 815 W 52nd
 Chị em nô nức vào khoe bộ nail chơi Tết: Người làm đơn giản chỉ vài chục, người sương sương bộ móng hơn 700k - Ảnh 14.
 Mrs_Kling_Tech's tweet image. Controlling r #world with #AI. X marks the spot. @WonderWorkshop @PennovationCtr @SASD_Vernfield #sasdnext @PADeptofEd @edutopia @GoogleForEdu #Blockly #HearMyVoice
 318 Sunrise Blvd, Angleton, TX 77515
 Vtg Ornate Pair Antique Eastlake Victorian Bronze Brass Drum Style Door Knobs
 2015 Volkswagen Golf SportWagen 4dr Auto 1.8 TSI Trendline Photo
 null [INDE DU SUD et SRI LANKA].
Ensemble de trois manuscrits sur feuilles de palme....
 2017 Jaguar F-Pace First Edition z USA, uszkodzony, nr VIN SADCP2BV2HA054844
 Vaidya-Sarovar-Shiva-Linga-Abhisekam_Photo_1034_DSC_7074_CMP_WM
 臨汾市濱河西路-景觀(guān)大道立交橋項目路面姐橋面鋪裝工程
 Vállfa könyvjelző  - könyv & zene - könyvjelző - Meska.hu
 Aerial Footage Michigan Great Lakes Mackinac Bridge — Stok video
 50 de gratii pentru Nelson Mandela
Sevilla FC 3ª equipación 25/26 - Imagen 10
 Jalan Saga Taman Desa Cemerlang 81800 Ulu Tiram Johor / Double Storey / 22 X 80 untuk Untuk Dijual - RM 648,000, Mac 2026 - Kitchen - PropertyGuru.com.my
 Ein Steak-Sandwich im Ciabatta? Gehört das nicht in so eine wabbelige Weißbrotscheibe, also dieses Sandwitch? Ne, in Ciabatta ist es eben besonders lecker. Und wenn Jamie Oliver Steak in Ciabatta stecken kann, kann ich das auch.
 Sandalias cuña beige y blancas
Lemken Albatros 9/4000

##############################

**WHAT THE TASK ASKS**
Retype every line of the listing exactly as it appears.

**EXERCISE OUTPUT**
 815 W 52nd
 Chị em nô nức vào khoe bộ nail chơi Tết: Người làm đơn giản chỉ vài chục, người sương sương bộ móng hơn 700k - Ảnh 14.
 Mrs_Kling_Tech's tweet image. Controlling r #world with #AI. X marks the spot. @WonderWorkshop @PennovationCtr @SASD_Vernfield #sasdnext @PADeptofEd @edutopia @GoogleForEdu #Blockly #HearMyVoice
 318 Sunrise Blvd, Angleton, TX 77515
 Vtg Ornate Pair Antique Eastlake Victorian Bronze Brass Drum Style Door Knobs
 2015 Volkswagen Golf SportWagen 4dr Auto 1.8 TSI Trendline Photo
 null [INDE DU SUD et SRI LANKA].
Ensemble de trois manuscrits sur feuilles de palme....
 2017 Jaguar F-Pace First Edition z USA, uszkodzony, nr VIN SADCP2BV2HA054844
 Vaidya-Sarovar-Shiva-Linga-Abhisekam_Photo_1034_DSC_7074_CMP_WM
 臨汾市濱河西路-景觀(guān)大道立交橋項目路面姐橋面鋪裝工程
 Vállfa könyvjelző  - könyv & zene - könyvjelző - Meska.hu
 Aerial Footage Michigan Great Lakes Mackinac Bridge — Stok video
 50 de gratii pentru Nelson Mandela
Sevilla FC 3ª equipación 25/26 - Imagen 10
 Jalan Saga Taman Desa Cemerlang 81800 Ulu Tiram Johor / Double Storey / 22 X 80 untuk Untuk Dijual - RM 648,000, Mac 2026 - Kitchen - PropertyGuru.com.my
 Ein Steak-Sandwich im Ciabatta? Gehört das nicht in so eine wabbelige Weißbrotscheibe, also dieses Sandwitch? Ne, in Ciabatta ist es eben besonders lecker. Und wenn Jamie Oliver Steak in Ciabatta stecken kann, kann ich das auch.
 Sandalias cuña beige y blancas
Lemken Albatros 9/4000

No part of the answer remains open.